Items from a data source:
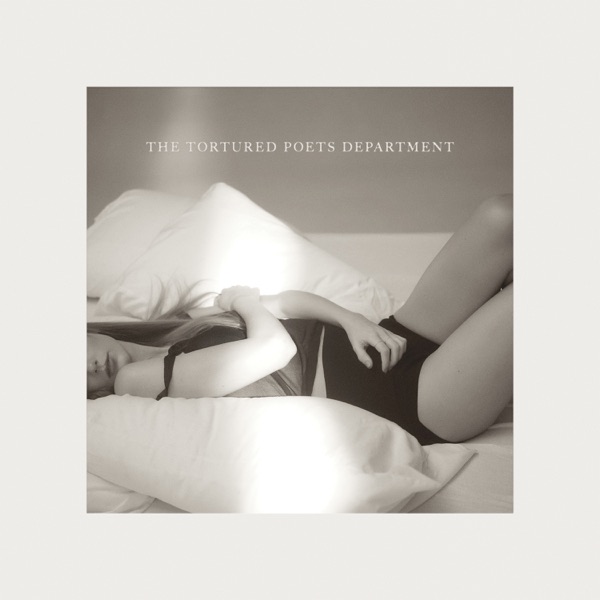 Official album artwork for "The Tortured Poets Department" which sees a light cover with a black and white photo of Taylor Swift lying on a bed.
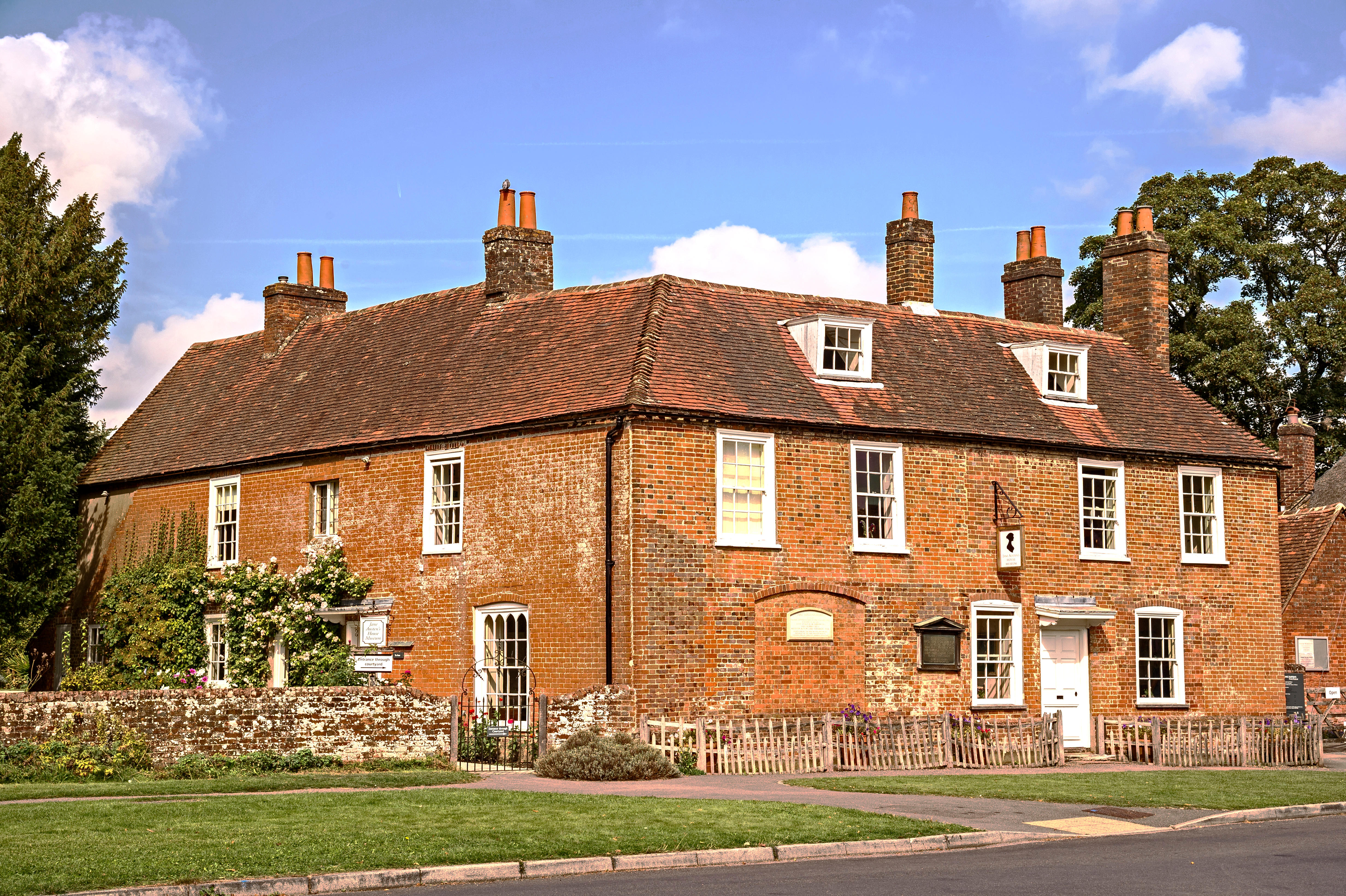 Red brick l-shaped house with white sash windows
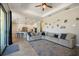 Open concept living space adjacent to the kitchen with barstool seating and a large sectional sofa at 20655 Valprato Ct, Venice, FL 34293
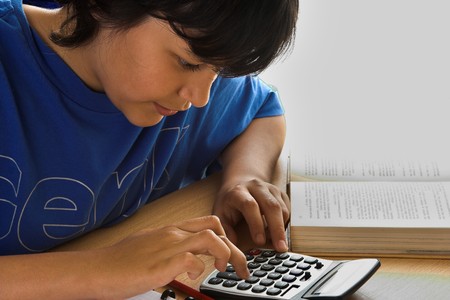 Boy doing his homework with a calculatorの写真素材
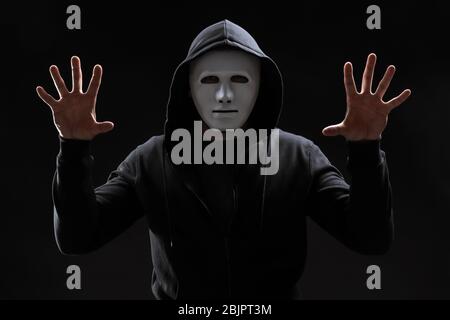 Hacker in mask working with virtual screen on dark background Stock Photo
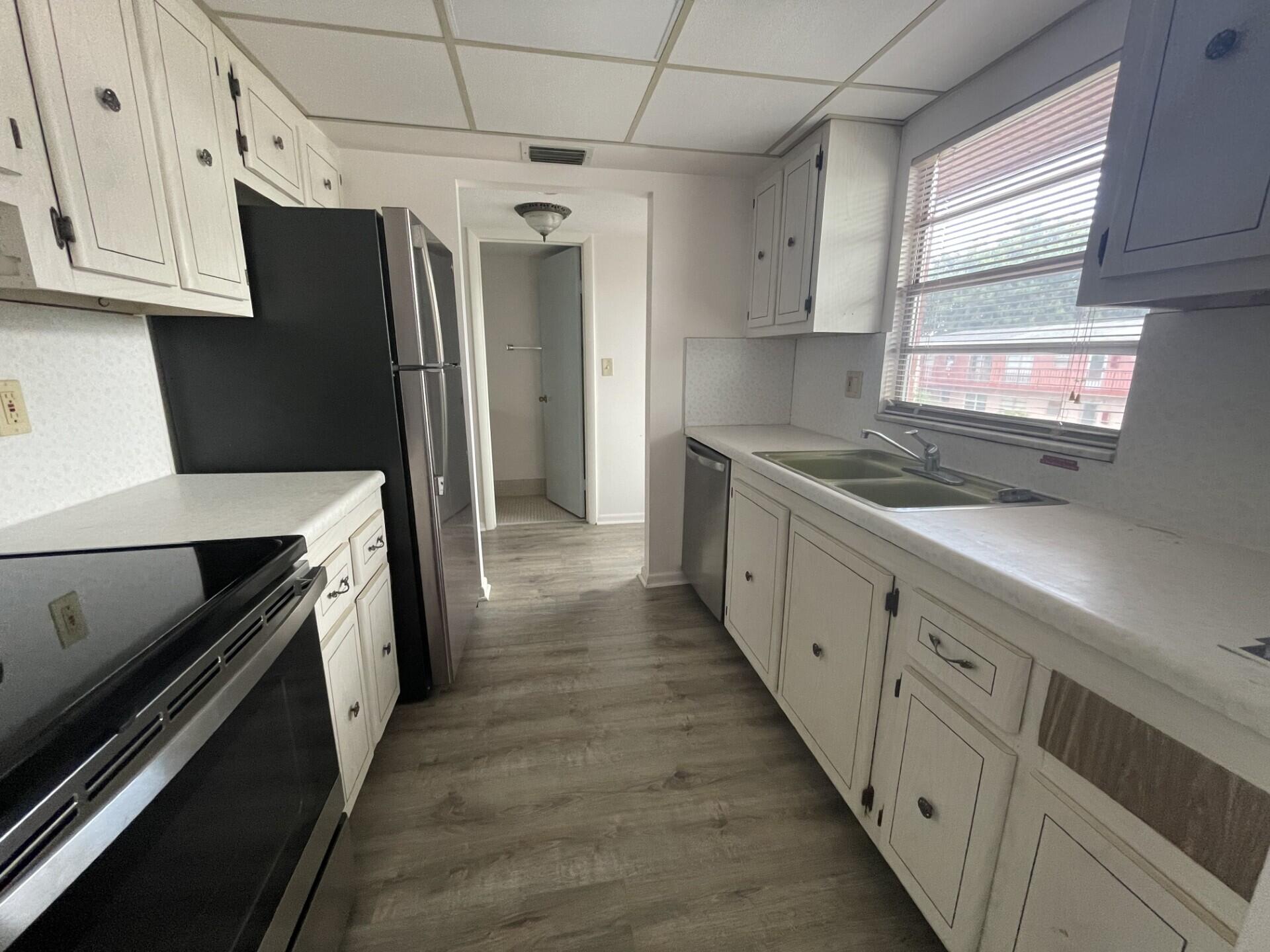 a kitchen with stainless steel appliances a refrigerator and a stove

How to complete this task:
Although the records above contain pictures, the copy should hold only the lines from their start through the line containing "Red brick l-shaped", each exactly as written, and none of the pictures.

Answer section:
 Official album artwork for "The Tortured Poets Department" which sees a light cover with a black and white photo of Taylor Swift lying on a bed.
 Red brick l-shaped house with white sash windows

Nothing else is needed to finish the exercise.